Since this is the only device on the IDE port, it MUST be set to be the port's Master. To do this, look at the diagrams on the HDD itself, and set the jumper on the sets of pin pairs on the back edge as it says. Do NOT use a diagram from another unit- there is no universal standard for this. If your unit has different settings for Master with No Slave, and Master with Slave Present, set accordingly.
Mount the HDD physically in your case. Connect power. Take the wide ribbon cable and connect the BLUE end to the mobo port. Then connect the BLACK one on the END to the HDD's data port. The Grey middle connector will be unused. Close up the case and boot directly into BIOS Setup.
Check on one of the first pages for an IDE device. Make sure the IDE port is Enabled, as others have said. Your BIOS should find a Master device present on the Primary IDE port, and its size should be about 60 GB, as you say, so check that to be sure the unit was detected correctly. If it is not, check near the end of your BIOS's menu system for a way to force detection of an IDE drive - that process might be better than the automatic one.
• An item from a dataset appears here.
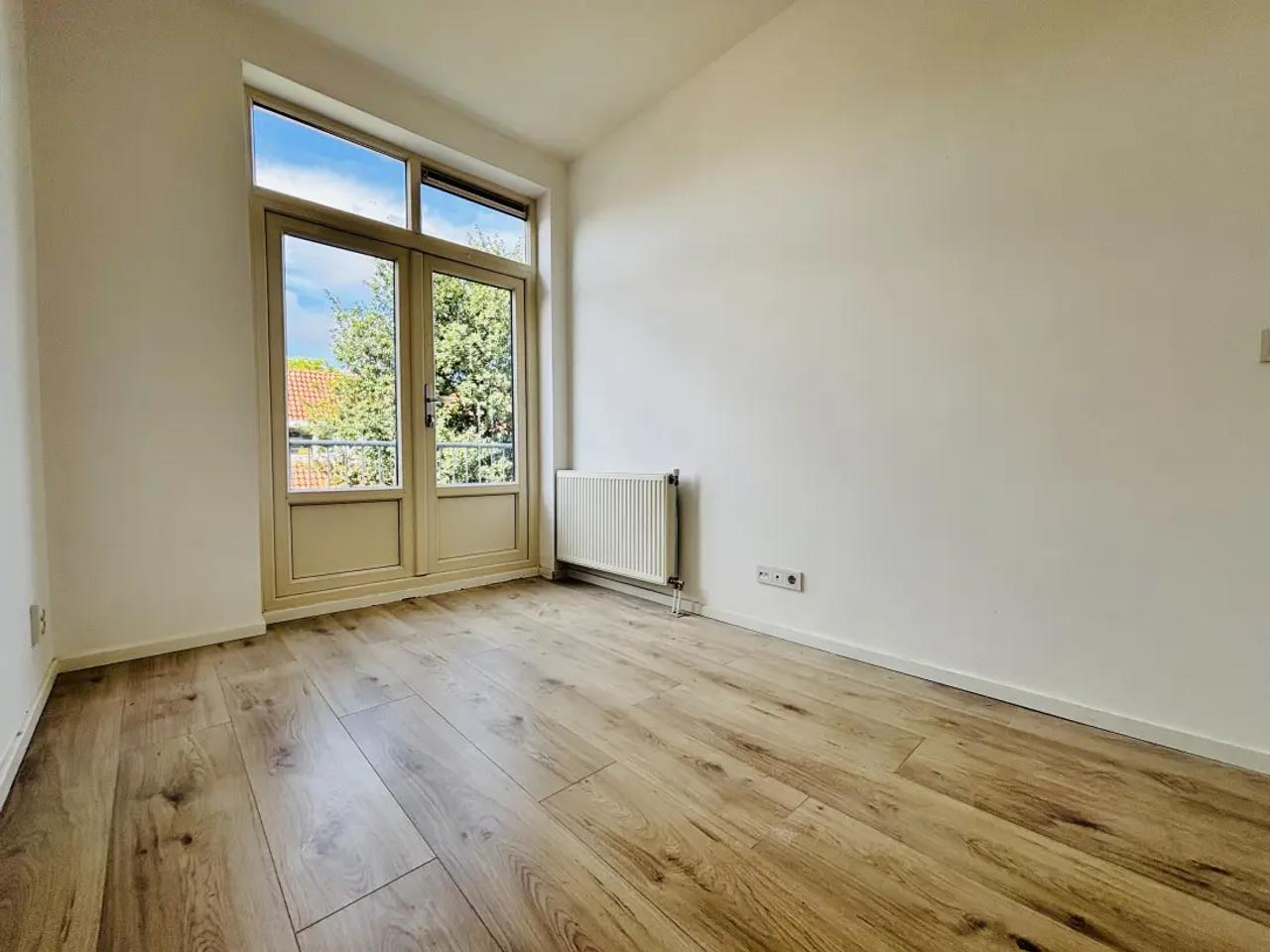 83 m² Upper-Floor Apartment with Balcony, A++ - Image 6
If your machine cannot recognize the HDD with it set up this way, there's a good chance the old drive is dead.
By the way, IF your mobo has two IDE ports and you happen to have connected the ribbon cable to the Secondary port and it is working, that's quite all right. It really does not matter which IDE port you use. In either case, the only storage device on an IDE port MUST be set to be Master.
If your BIOS can detect the old drive properly you're good to go. One note: IF you had to change any BIOS Setting (like Enabling the IDE port), make sure to SAVE and EXIT so your setting are permanent. If the drive was detected, it may show up in Windows' My Computer if it contains data. If it is empty with no Partition, you may ave to use Disk Management to Initialize the old unit before use.
Let us now how it goes.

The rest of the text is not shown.